How would I solve these questions?!

Suppose that you roll a pair of fair dice.

a. What is the probability that the sum is at least 8?

b. What is the probability that the sum is not 7?

c. Given that you roll a sum of 7 on the first roll, what is the probability that you roll a sum of 7 on the second roll?

d. What is the probability that you roll a sum of 7 two times in a row?

### 1 Answer

- FlashRubinoLv 67 years agoFavorite Answer
These are all relative frequency probability problems. First, you need to know that there are 36 possible outcomes. Imagine you roll a red die and a green one. For each value of the red die, there are 6 possible ones for the green one. Since the red die has 6 possible values, 6*6=36.

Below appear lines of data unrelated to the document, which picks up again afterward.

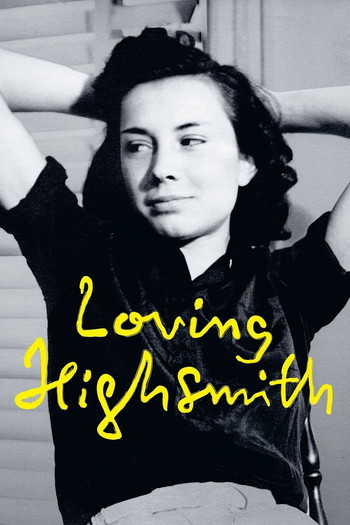 Poster for the movie «Loving Highsmith»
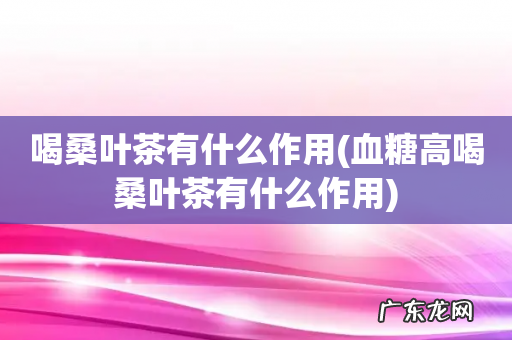 血糖高喝桑叶茶有什么作用 喝桑叶茶有什么作用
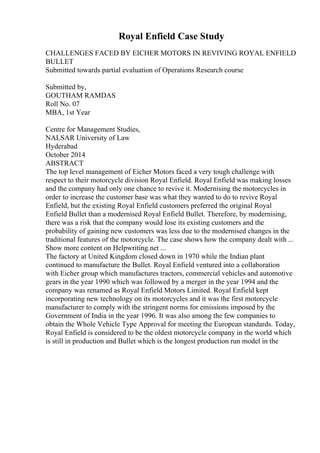 Royal Enfield Case Study
CHALLENGES FACED BY EICHER MOTORS IN REVIVING ROYAL ENFIELD
BULLET
Submitted towards partial evaluation of Operations Research course
Submitted by,
GOUTHAM RAMDAS
Roll No. 07
MBA, 1st Year
Centre for Management Studies,
NALSAR University of Law
Hyderabad
October 2014
ABSTRACT
The top level management of Eicher Motors faced a very tough challenge with
respect to their motorcycle division Royal Enfield. Royal Enfield was making losses
and the company had only one chance to revive it. Modernising the motorcycles in
order to increase the customer base was what they wanted to do to revive Royal
Enfield, but the existing Royal Enfield customers preferred the original Royal
Enfield Bullet than a modernised Royal Enfield Bullet. Therefore, by modernising,
there was a risk that the company would lose its existing customers and the
probability of gaining new customers was less due to the modernised changes in the
traditional features of the motorcycle. The case shows how the company dealt with ...
Show more content on Helpwriting.net ...
The factory at United Kingdom closed down in 1970 while the Indian plant
continued to manufacture the Bullet. Royal Enfield ventured into a collaboration
with Eicher group which manufactures tractors, commercial vehicles and automotive
gears in the year 1990 which was followed by a merger in the year 1994 and the
company was renamed as Royal Enfield Motors Limited. Royal Enfield kept
incorporating new technology on its motorcycles and it was the first motorcycle
manufacturer to comply with the stringent norms for emissions imposed by the
Government of India in the year 1996. It was also among the few companies to
obtain the Whole Vehicle Type Approval for meeting the European standards. Today,
Royal Enfield is considered to be the oldest motorcycle company in the world which
is still in production and Bullet which is the longest production run model in the
 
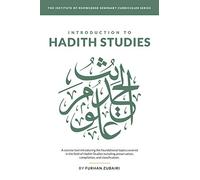 Introduction to Ḥadīth Studies: A concise text introducing the foundational topics covered in the field of Ḥadīth Studies including preservation, ... of Knowledge Seminary Curriculum Series)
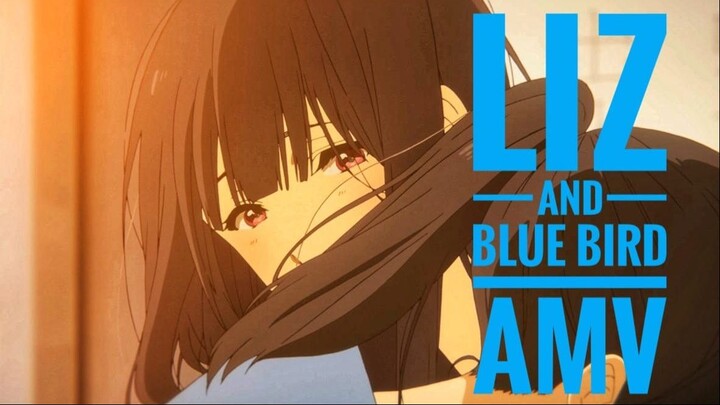 LIZ AND BLUEBIRD AMV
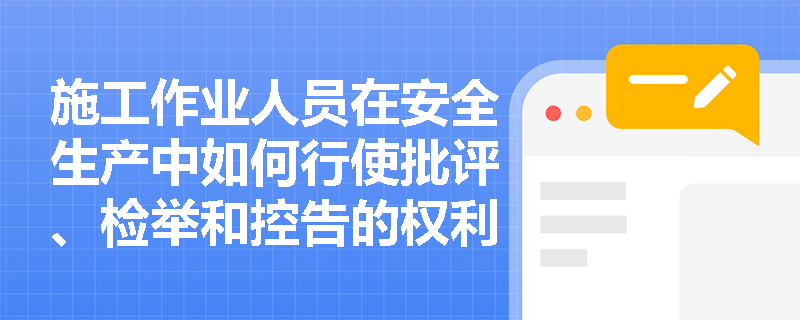 施工作业人员在安全生产中如何行使批评、检举和控告的权利? 施工作业人员在安全生产中如何行使批评、检举和控告的权利?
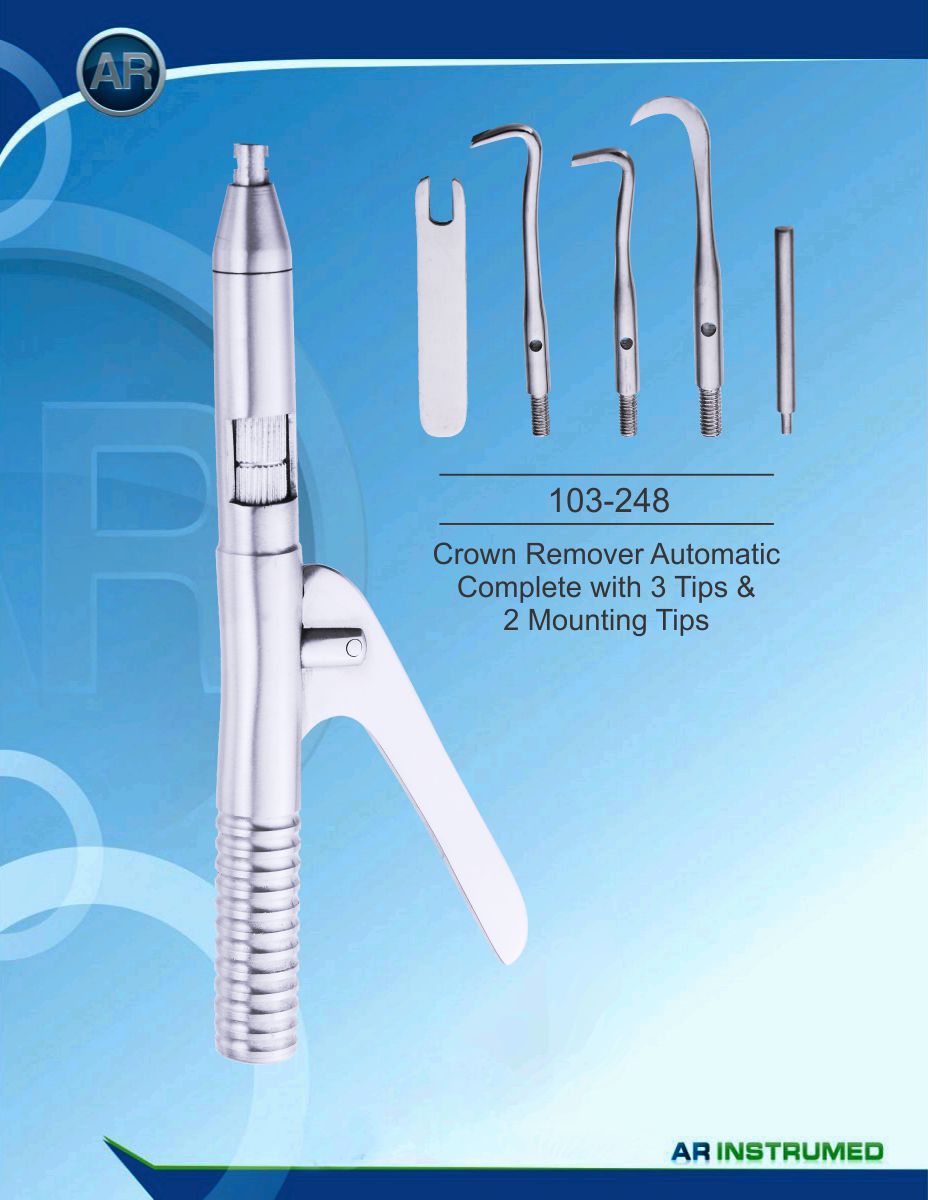 Crown Remover Automatic Complete with 3 Tips and Mounting kit Premium Quality – AR Instrumed, Crown & Bridge Cements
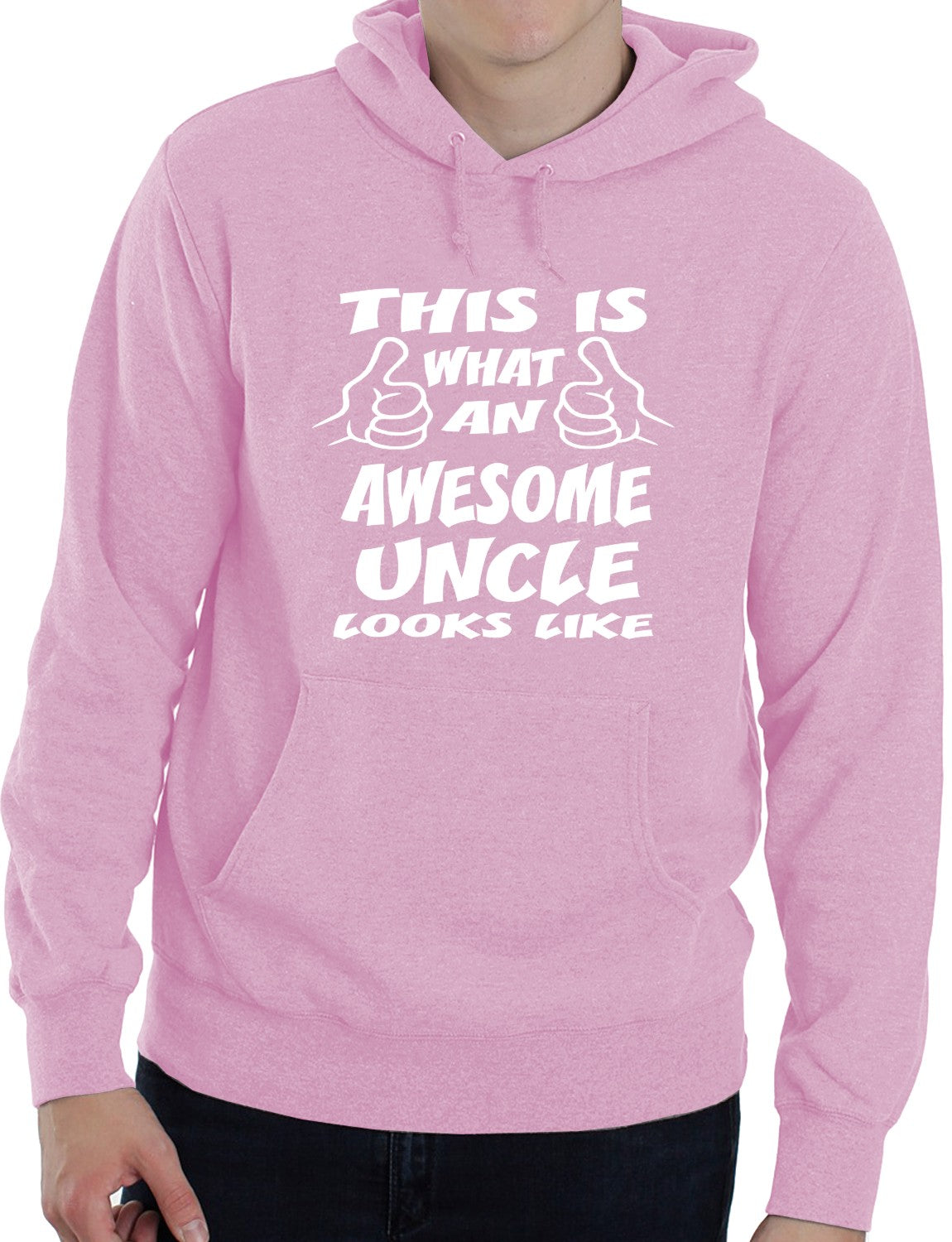 This Is What An Awesome Uncle Looks Like Unisex Hoodie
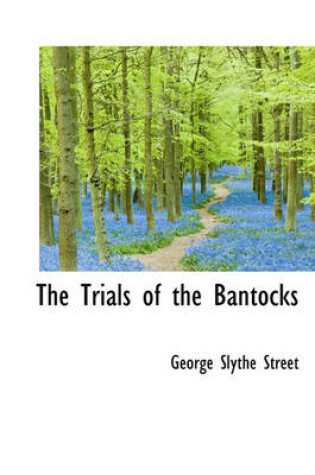 Cover of The Trials of the Bantocks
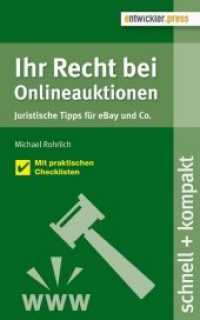 Ihr Recht bei Onlineauktionen : Juristische Tipps für eBay und Co. Mit praktischen Checklisten (Schnell + kompakt) （2014. 103 S. 16 cm）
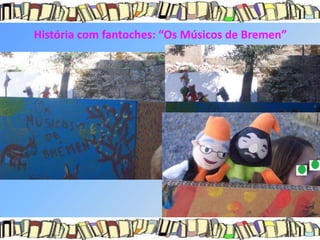 História com fantoches: “Os Músicos de Bremen”
 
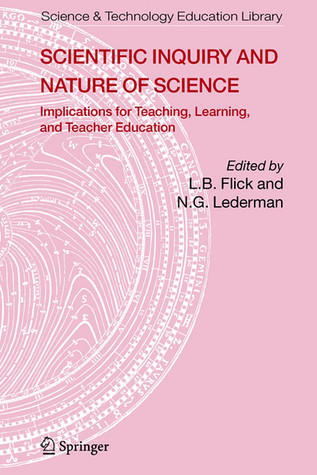 Scientific Inquiry and Nature of Science: Implications for Teaching,Learning, and Teacher Education (Contemporary Trends and Issues in Science Education, 25)
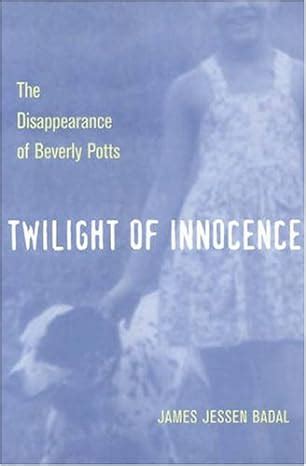 twilight of innocence the disappearance of beverly potts Doc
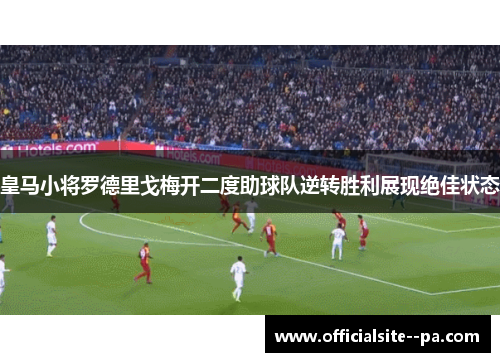 皇马小将罗德里戈梅开二度助球队逆转胜利展现绝佳状态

Here are the number of ways you can roll each number with 2 dice:

2, 12: 1 way (1,1 or 6,6)

3, 11: 2 ways (1,2; 2,1 or 5,6; 6,5) Remember that the red and green dice are different.

4, 10: 3 ways

5, 9 : 4 ways

6, 8 : 5 ways

7: 6 ways.

So the probability of rolling a 7 is 6/36 = 1/6. The probability of rolling a 6 or a 7 is (6+5)/36 = 11/36

And so on.

1. Sum is at least 8: Sum is 8,9,10,11,or12. Probability is (5+4+3+2+1)/36 = 15/36 = 5/12

2. Probability of 7 is 1/6, so probability of complement is 1-(1/6) = 5/6

3. 1/6: The two rolls are independent. The value of one does not effect the probability of any outcome ON THE SECOND ROLL. It will affect the probability of the outcome of the sum. For example, if you roll 2 on the first roll, there is 0 probability of rolling 15 as the total of two rolls.

4. Since the rolls are independent, the probability of them BOTH occurring is the product of their probabilities. VERY IMPORTANT: this is only true when the events are independent.

so 1/6 on the first roll, 1/6 on the second, so 1/36 all together.